RTDs are the central technology in iBROW (2015–2018), where CSTG contributed to terahertz transceiver development for ultra-broadband wireless links.
COMPOUND SEMICONDUCTOR TECHNOLOGIES GLOBAL LIMITED
Glasgow SME designing III-V compound semiconductor devices — resonant tunnelling diodes, terahertz transceivers, and mid-infrared photonics components.
Their core work
CSTG is a Glasgow-based semiconductor SME specialising in the design and fabrication of compound semiconductor devices — particularly III-V materials grown on silicon substrates. Their core commercial offering is in high-frequency electronic and optoelectronic components, including resonant tunnelling diodes (RTDs) capable of operating at terahertz and millimetre-wave frequencies. In EU projects they have contributed semiconductor device expertise to both next-generation wireless communications (ultra-broadband terahertz transceivers) and mid-infrared photonics platforms for chemical sensing and spectroscopy. They occupy a rare niche: translating advanced III-V semiconductor physics into manufacturable, low-cost devices.
What they specialise in
iBROW explicitly targets mm-wave and terahertz frequency bands for low-cost, energy-efficient femtocell-based wireless communications.
The III-V on Si keyword appears in iBROW, and MIRPHAB's mid-infrared photonics fabrication platform is directly built on compound semiconductor material expertise.
MIRPHAB (2016–2021) is a photonics device fabrication initiative targeting chemical sensing and spectroscopic applications in the mid-infrared range.
Optoelectronics appears as a cross-cutting keyword in iBROW, reflecting CSTG's ability to bridge electronic and photonic device design.
How they've shifted over time
CSTG's two projects ran almost concurrently (2015 and 2016 starts), so a strong temporal shift is hard to establish from the data alone. Their entry point was terahertz wireless communications via RTD-based transceivers (iBROW), a highly specific niche at the frontier of wireless research. Overlapping with this, they joined MIRPHAB, a larger and longer-running photonics fabrication platform project, signalling an expansion from pure wireless electronics into broader photonics-for-sensing applications. The absence of keywords for MIRPHAB in the dataset limits deeper analysis, but the trajectory suggests a deliberate broadening from one application domain (wireless) toward compound semiconductor platforms that serve multiple markets.

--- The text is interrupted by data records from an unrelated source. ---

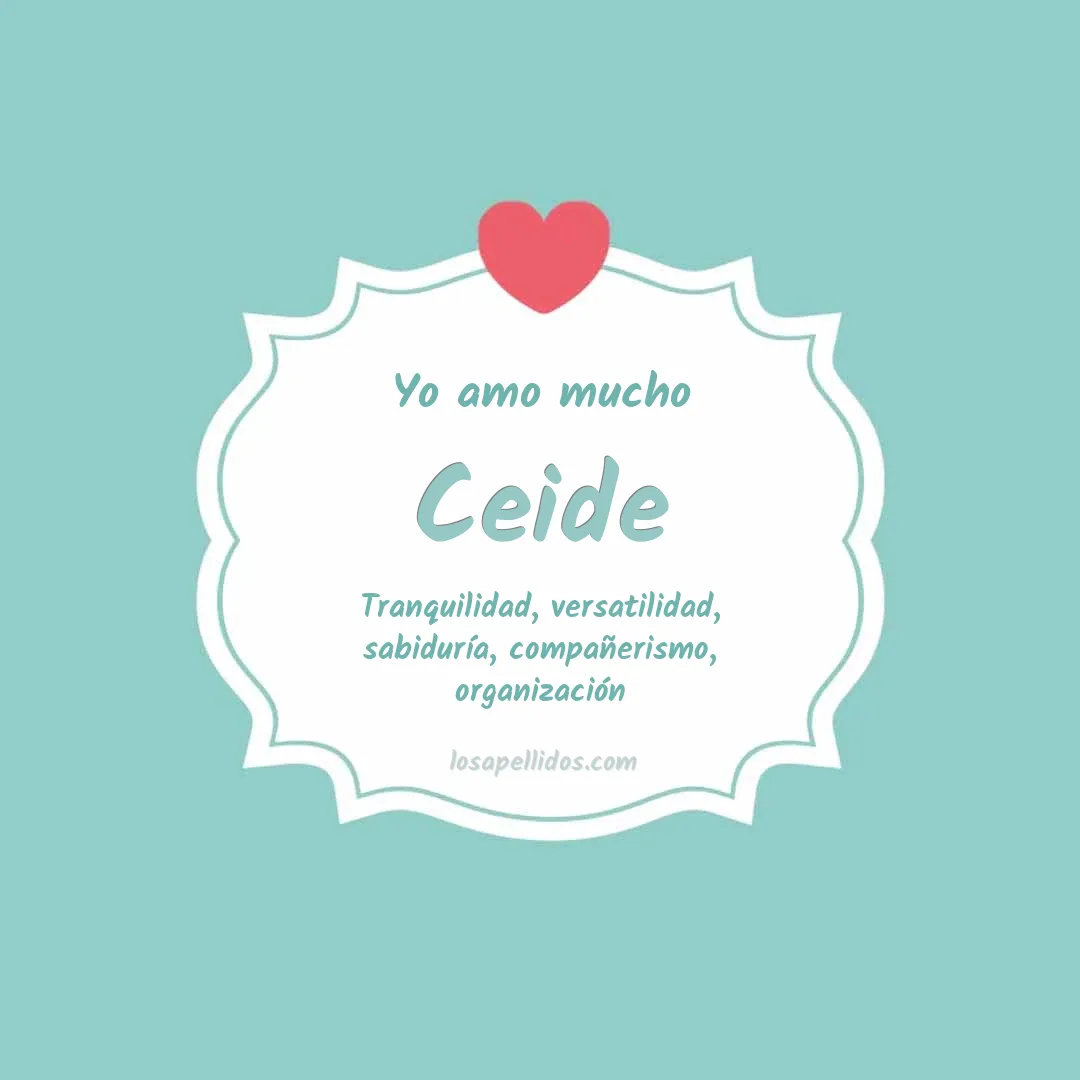 Yo amo mucho Ceide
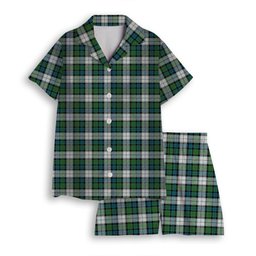 ScotsTee Shop Scottish Graham Dress Ancient Women's Short Sleeve Short Set Tartan Pyjama Set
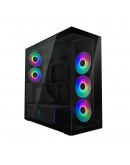 Arctic кутия Case E-ATX - Xtender VG (Mirror Black) - PCIe Gen 4 riser included, 5 A-RGB Fans included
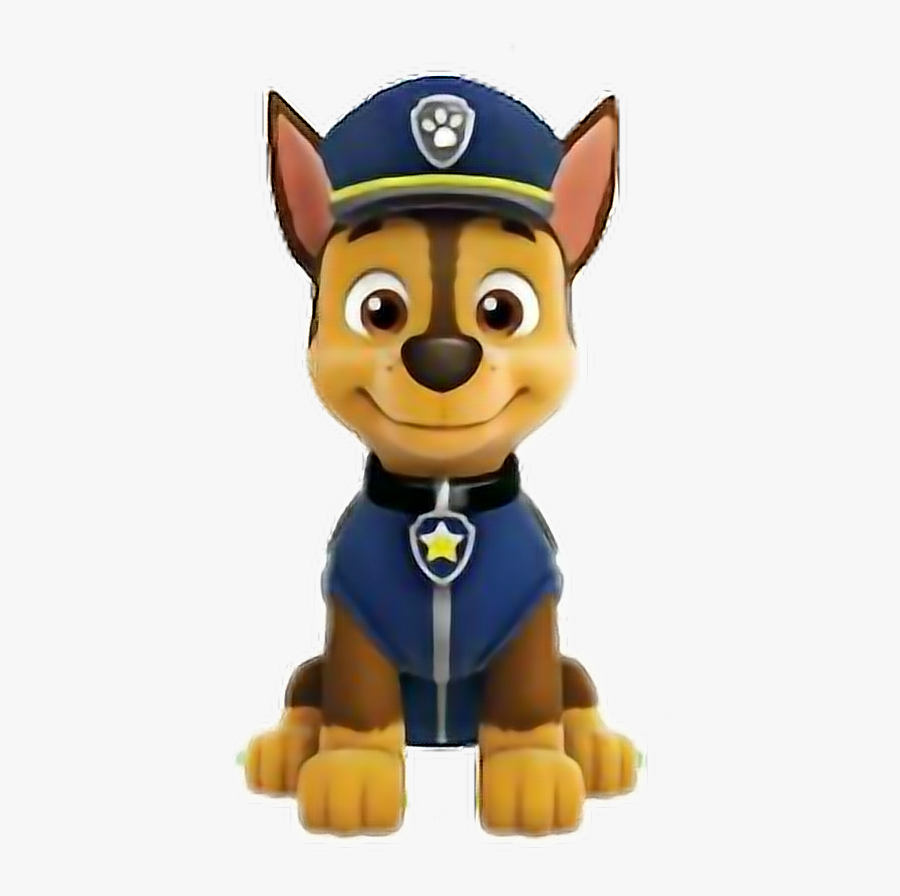 #chase Paw Patrol - Chase Paw Patrol Face , Free Transparent Clipart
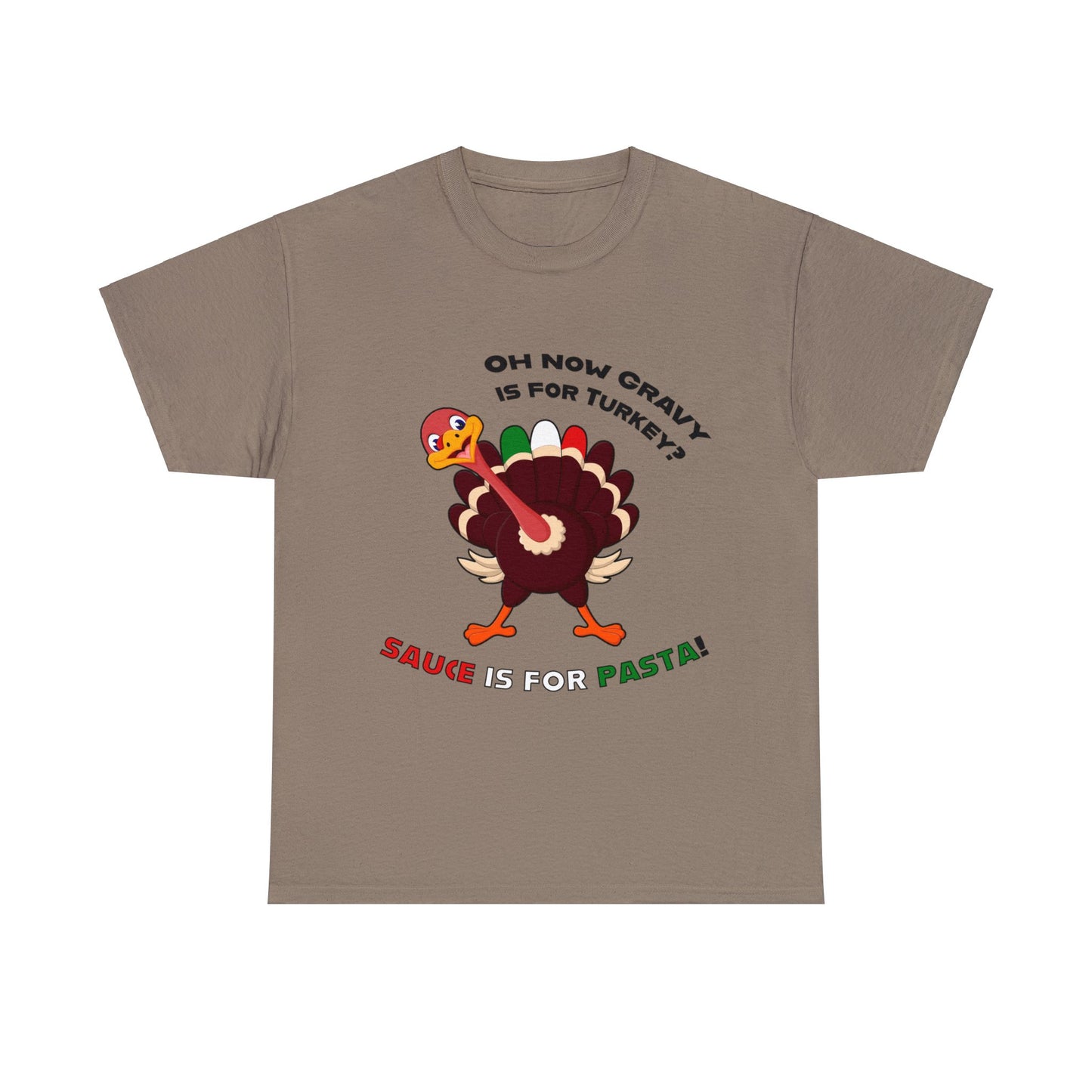 Thanksgiving Shirts - Gravy is for Turkey's! - Unisex Heavy Cotton Tee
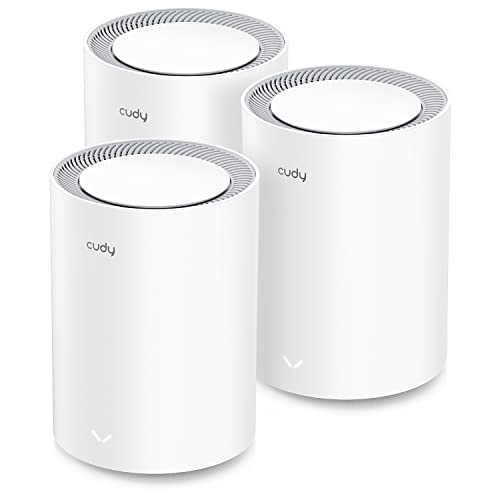 Cudy AX3000 2.5G WLAN 6 Mesh-System, M3000 Serie (Weiß, 3er-Pack)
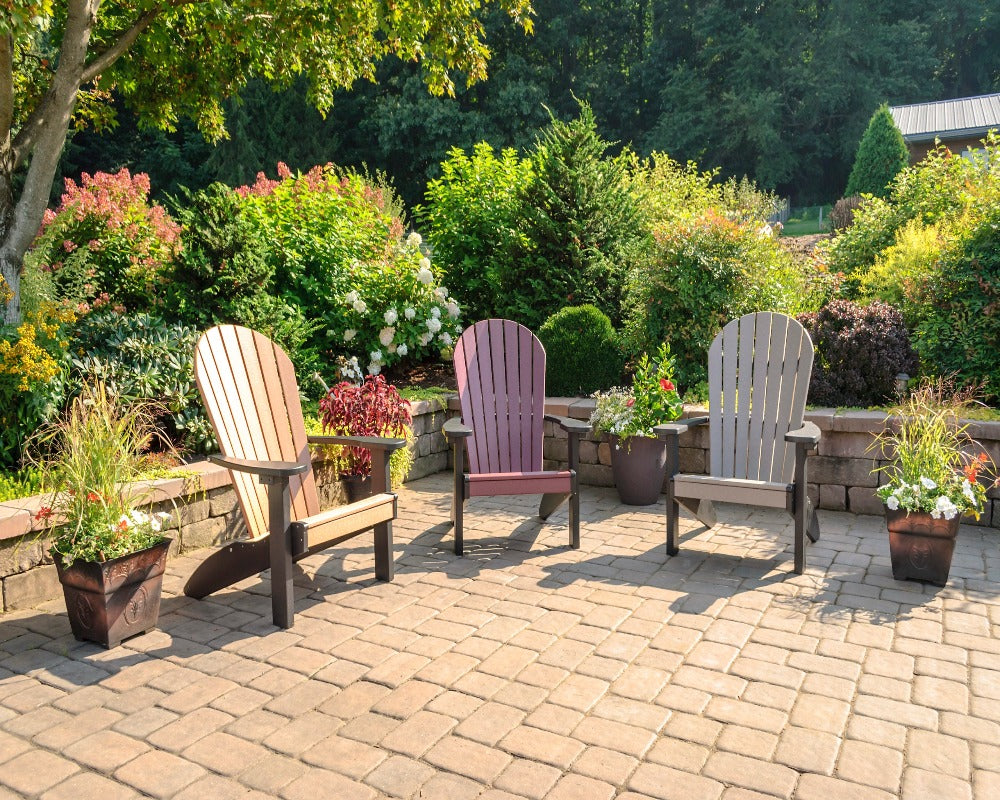 Yard Craft Poly Adirondack Chair Classic Style For Your Patio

CSTG appears to be moving from single-application wireless device work toward positioning as a compound semiconductor component supplier for multiple sensing and communications markets, which would increase their commercial optionality.
How they like to work
CSTG has participated exclusively as a consortium partner — never as a coordinator — across both projects, indicating they prefer to contribute deep technical expertise rather than lead administrative and management responsibilities. Their involvement in MIRPHAB, a large multi-partner photonics fabrication platform, alongside the more focused iBROW consortium, shows comfort operating in both large and mid-sized consortia. This profile is typical of a specialist SME that brings a hard-to-replicate device fabrication capability and joins projects where that capability fills a specific gap.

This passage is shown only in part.